JIRA jira@apache.org
In reply to this post by JIRA jira@apache.org
    [ http://issues.apache.org/jira/browse/LUCENE-701?page=comments#action_12446638 ]
           
Ning Li commented on LUCENE-701:
--------------------------------

Can the following scenario happen with lock-less commits?

1 A reader reads segments.1, which says the index contains seg_1.
2 A writer writes segments.2, which says the index now contains seg_2, and deletes seg_1.
3 The reader tries to load seg_1 and fails.


> Lock-less commits
> -----------------
>
>                 Key: LUCENE-701
>                 URL: http://issues.apache.org/jira/browse/LUCENE-701
>             Project: Lucene - Java
>          Issue Type: Improvement
>          Components: Index
>    Affects Versions: 2.1
>            Reporter: Michael McCandless
>         Assigned To: Michael McCandless
>            Priority: Minor
>         Attachments: index.prelockless.cfs.zip, index.prelockless.nocfs.zip, lockless-commits-patch.txt
>
>
> This is a patch based on discussion a while back on lucene-dev:
>     http://mail-archives.apache.org/mod_mbox/lucene-java-dev/200608.mbox/%3c44E5B16D.4010805@...%3e
> The approach is a small modification over the original discussion (see
> Retry Logic below).  It works correctly in all my cross-machine test
> case, but I want to open it up for feedback, testing by
> users/developers in more diverse environments, etc.
> This is a small change to how lucene stores its index that enables
> elimination of the commit lock entirely.  The write lock still
> remains.
> Of the two, the commit lock has been more troublesome for users since
> it typically serves an active role in production.  Whereas the write
> lock is usually more of a design check to make sure you only have one
> writer against the index at a time.
> The basic idea is that filenames are never reused ("write once"),
> meaning, a writer never writes to a file that a reader may be reading
> (there is one exception: the segments.gen file; see "RETRY LOGIC"
> below).  Instead it writes to generational files, ie, segments_1, then
> segments_2, etc.  Besides the segments file, the .del files and norm
> files (.sX suffix) are also now generational.  A generation is stored
> as an "_N" suffix before the file extension (eg, _p_4.s0 is the
> separate norms file for segment "p", generation 4).
> One important benefit of this is it avoids files contents caching
> entirely (the likely cause of errors when readers open an index
> mounted on NFS) since the file is always a new file.
> With this patch I can reliably instantiate readers over NFS when a
> writer is writing to the index.  However, with NFS, you are still forced to
> refresh your reader once a writer has committed because "point in
> time" searching doesn't work over NFS (see LUCENE-673 ).

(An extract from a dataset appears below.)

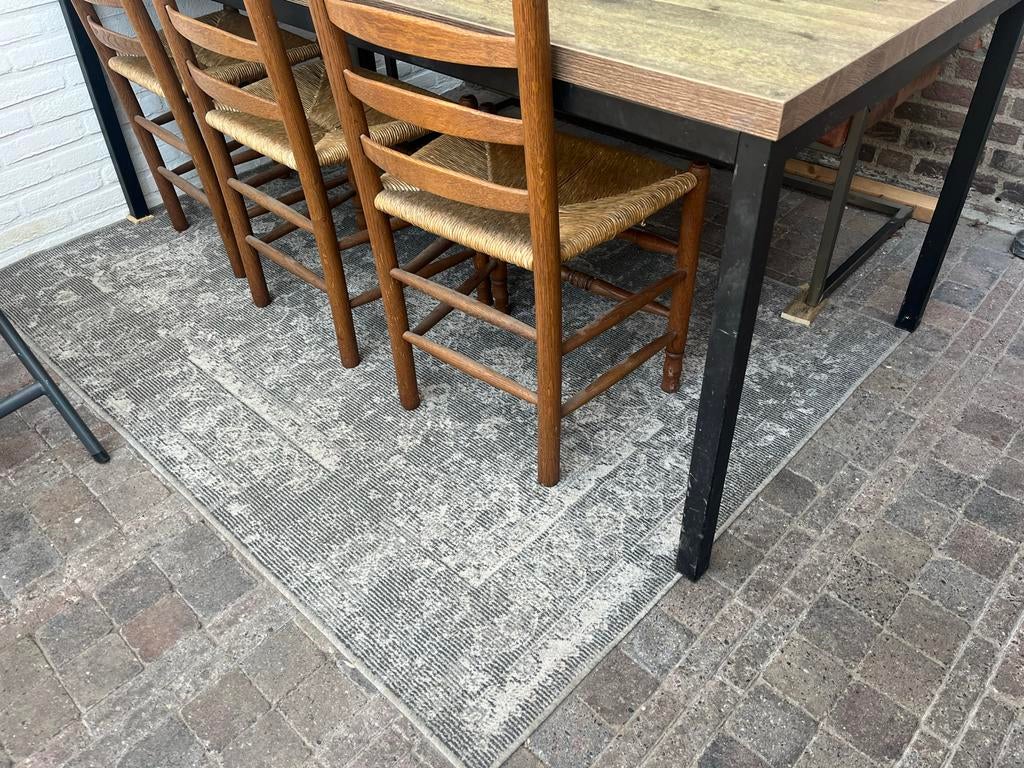 vloerkleed 190 x 132      gratis GERESERVEERD, Huis en Inrichting, Stoffering | Tapijten en Kleden, Ophalen, Gebruikt, 100 tot 150 cm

> The changes are fully backwards compatible: you can open an old index
> for searching, or to add/delete docs, etc.  I've added a new unit test
> to test these cases.
> All units test pass, and I've added a number of additional unit tests,
> some of which fail on WIN32 in the current lucene but pass with this
> patch.  The "fileformats.xml" has been updated to describe the changes
> to the files (but XXX references need to be fixed before committing).
> There are some other important benefits:
>   * Readers are now entirely read-only.

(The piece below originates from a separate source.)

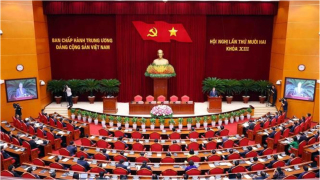 越南前國家領導人阮春福-武文賞-王庭惠等被解除黨內一切職務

>   * Readers no longer block one another (false contention) on
>     initialization.
>   * On hitting contention, we immediately retry instead of a fixed
>     (default 1.0 second now) pause.
>   * No file renaming is ever done.  File renaming has caused sneaky
>     access denied errors on WIN32 (see LUCENE-665 ).  (Yonik, I used
>     your approach here to not rename the segments_N file(try
>     segments_(N-1) on hitting IOException on segments_N): the separate
>     ".done" file did not work reliably under very high stress testing
>     when a directory listing was not "point in time").
>   * On WIN32, you can now call IndexReader.setNorm() even if other
>     readers have the index open (fixes a pre-existing minor bug in
>     Lucene).
>   * On WIN32, You can now create an IndexWriter with create=true even
>     if readers have the index open (eg see
>     www.gossamer-threads.com/lists/lucene/java-user/39265) .
> Here's an overview of the changes:
>   * Every commit writes to the next segments_(N+1).
>   * Loading the segments_N file (& opening the segments) now requires
>     retry logic.  I've captured this logic into a new static class:
>     SegmentInfos.FindSegmentsFile.  All places that need to do
>     something on the current segments file now use this class.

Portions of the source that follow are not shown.